With Dening, Salmond believes that ‘a two-sided historical ethnography is needed’ in order to understand the events of Cook’s voyages. She sustains this point well. Her analysis of the interactions between British and Maori people is repeatedly illuminating. That of the circumstances of Cook’s death at Kealakekua Bay is also very good, introducing new considerations and raising the possibility that brutality and discourtesy as well as cosmology were involved. Most striking of all is her extended account of the extraordinary Tupaia, the arioi priest from Raiatea who evidently knew more about navigation than anyone else in Polynesia; who, as someone from the ancestral homeland and guardian of traditional knowledge, made an enduring impact on the Maori; who constructed a chart with seventy-four islands placed relatively; who learned to draw with European materials; and who, showing that ability also possessed by Cook to go beyond the boundaries of his culture and desiring to extend his knowledge, decided to sail on the Endeavour to England, only to die at Batavia.

But it is also where the work is at its best that Salmond might have done more.
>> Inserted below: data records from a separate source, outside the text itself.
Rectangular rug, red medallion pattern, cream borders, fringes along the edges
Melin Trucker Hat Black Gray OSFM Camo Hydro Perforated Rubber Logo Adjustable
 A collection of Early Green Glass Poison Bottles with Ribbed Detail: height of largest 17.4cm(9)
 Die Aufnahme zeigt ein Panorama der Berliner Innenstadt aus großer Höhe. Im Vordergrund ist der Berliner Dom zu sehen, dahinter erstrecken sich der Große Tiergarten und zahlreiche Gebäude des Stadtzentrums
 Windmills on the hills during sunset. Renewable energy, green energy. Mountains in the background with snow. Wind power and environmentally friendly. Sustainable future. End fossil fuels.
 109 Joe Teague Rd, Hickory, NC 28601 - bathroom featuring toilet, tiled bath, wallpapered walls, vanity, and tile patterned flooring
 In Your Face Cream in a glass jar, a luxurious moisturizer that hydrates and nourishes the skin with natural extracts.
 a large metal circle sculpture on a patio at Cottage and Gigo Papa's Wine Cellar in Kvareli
Only at one moment in her account of Cook on the eastern Australian coast does she introduce any genuine two-sided ethnography, and then she does not develop it. Nor does she deploy such analysis to illuminate the fundamental conflict that increasingly soured relations between Cook and his officers and men. At least until midway through the third voyage, while Cook was notably reluctant to punish islanders for theft, his men were much more inclined to do so by shooting at fleeing culprits and flogging those captured. Salmond rightly sees Cook’s attitude as the more considered and the less conventional: it was one sign of his unusual imaginative capacity, another of which was his dispassion in the face of such cultural practices as cannibalism and human sacrifice. But there was something other than an instinctive contempt for ‘savages’ at work in the crews’ response to theft. As Nicholas Rodger has pointed out, ‘because ships were paid just before sailing, men often had large sums in cash in their possession, with little privacy or security to protect it. A thief among the ship’s company destroyed its mutual bonds of trust and loyalty more swiftly than anything else.’ Just as the Europeans frequently violated the tapu by which the islanders regulated their lives, so too by incessant thieving did the islanders violate one of the premises by which the sailors made tolerable their cramped lives. At moments, both sides were capable of equal incomprehension.

Readers will learn much from this work. However, with more time spent on it and with the benefit of rigorous editorial advice, it might have been a really distinctive study, rather than one with some distinctive aspects.